[Dataset entries]
++++++
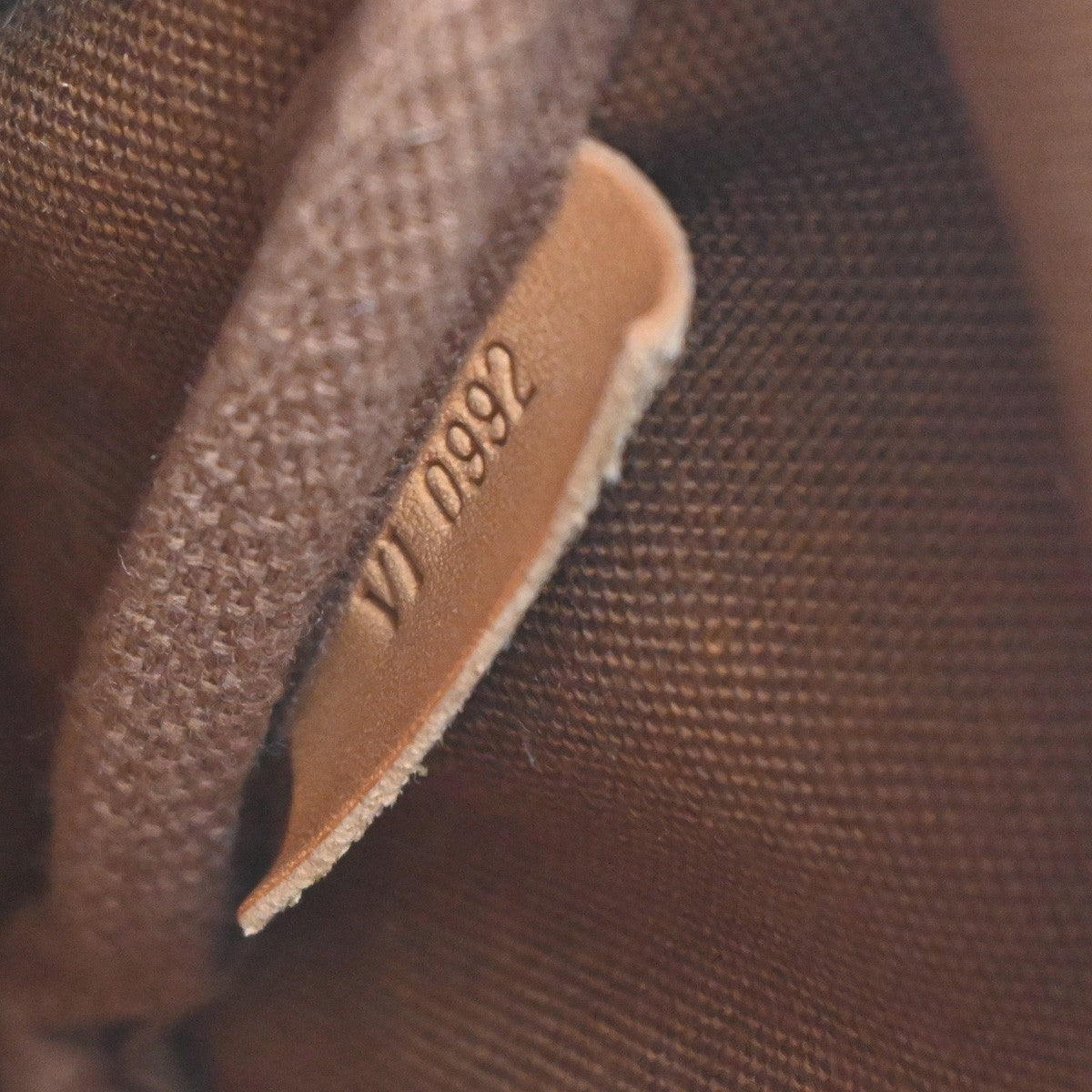 LOUIS VUITTON Logo Saumur 30 Shoulder Bag Monogram Leather Brown M42256 77EG314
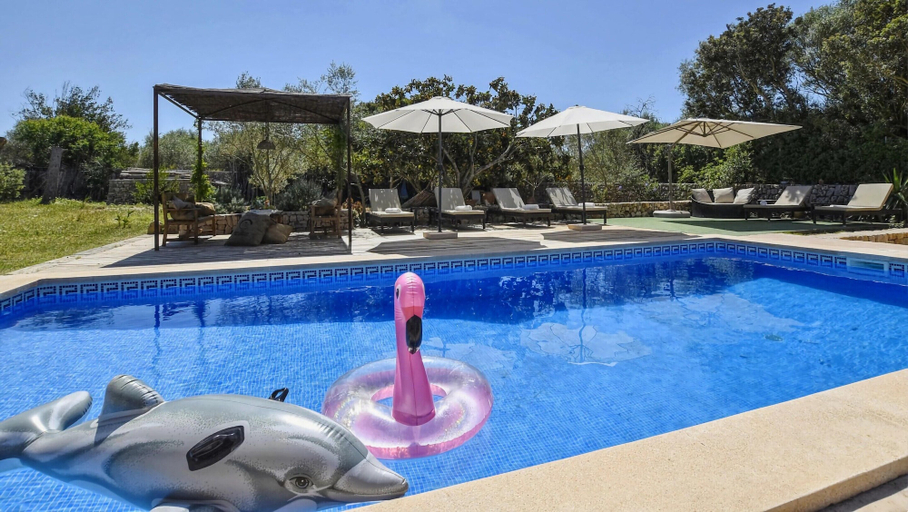 Pool 4, Nice Holiday Home With Private Pool, Baleares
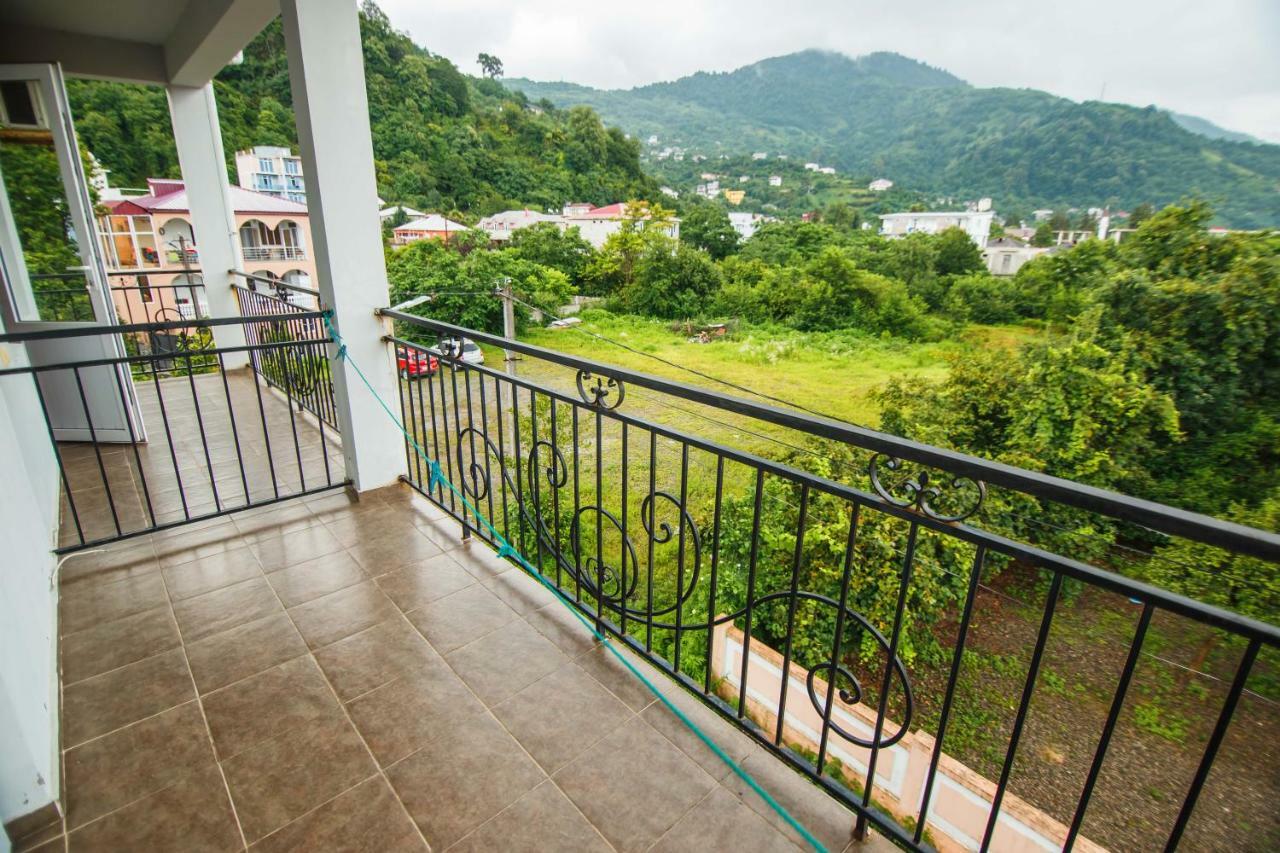 Guest House Nia 고니오 외부 사진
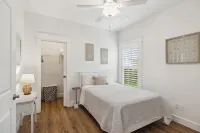 Mexico Beach Gem – Pool, Golf Cart & Just 1 Block from the Beach!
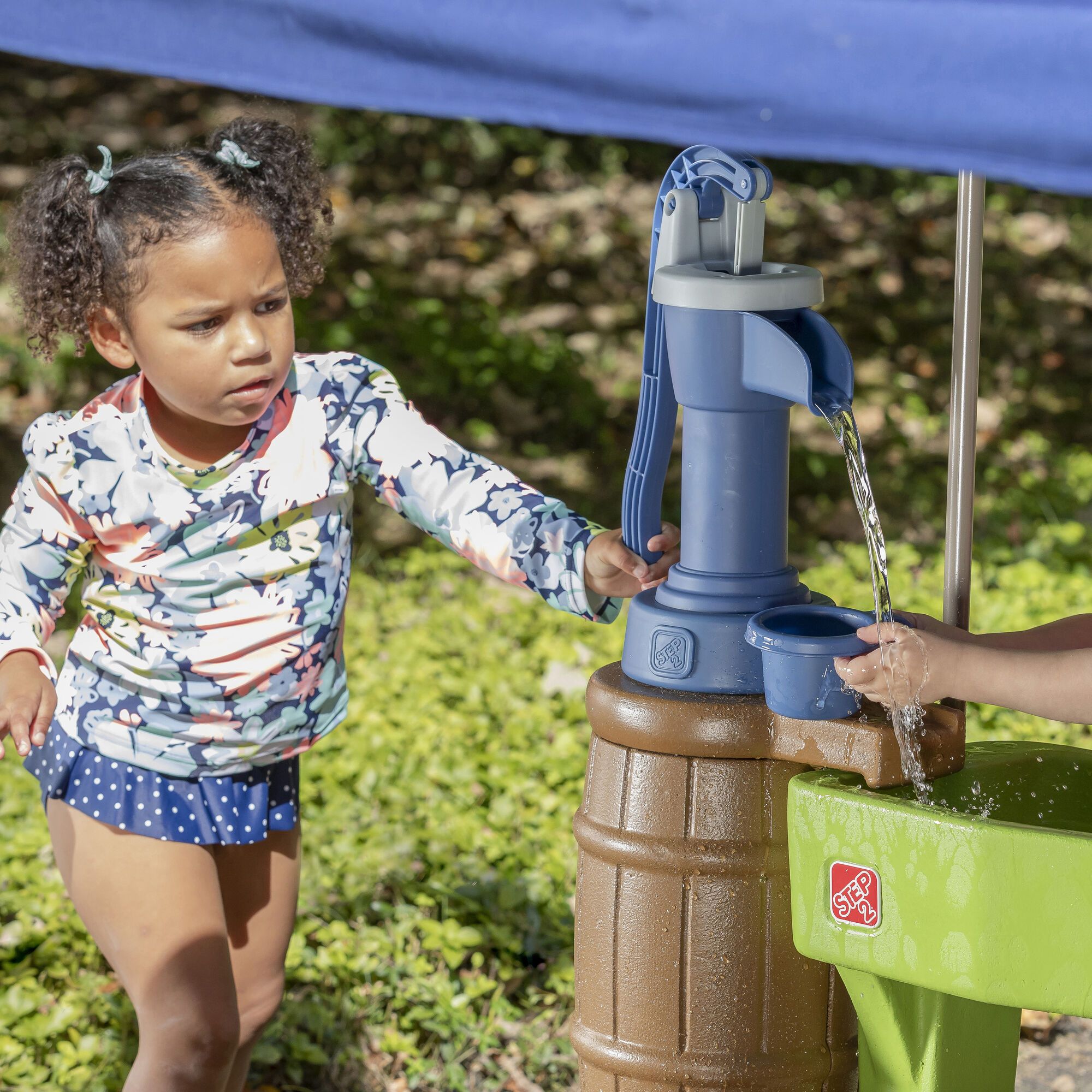 Step2 Pump und Splash Shady Oasis Spielhaus 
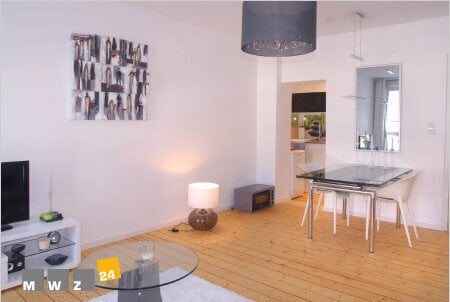 Komplett Möbliert/Furnished Accommodation in: Unterbilk. Helles Designer-Altbauapartment mit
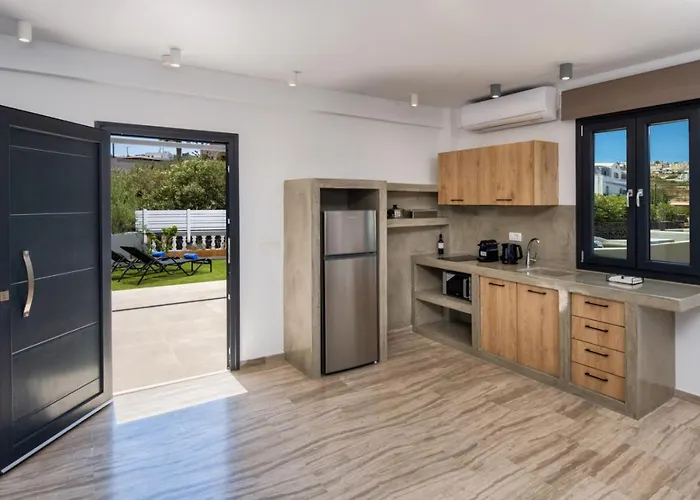 Lägenhet Christianna & George Luxury Hot Tub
++++++
## WHAT THE EXERCISE ASKS:
Although the records above contain pictures, your copy should give only their text, exactly as written.

## SOLUTION TO THIS TASK:
 LOUIS VUITTON Logo Saumur 30 Shoulder Bag Monogram Leather Brown M42256 77EG314
 Pool 4, Nice Holiday Home With Private Pool, Baleares
 Guest House Nia 고니오 외부 사진
 Mexico Beach Gem – Pool, Golf Cart & Just 1 Block from the Beach!
 Step2 Pump und Splash Shady Oasis Spielhaus 
 Komplett Möbliert/Furnished Accommodation in: Unterbilk. Helles Designer-Altbauapartment mit
 Lägenhet Christianna & George Luxury Hot Tub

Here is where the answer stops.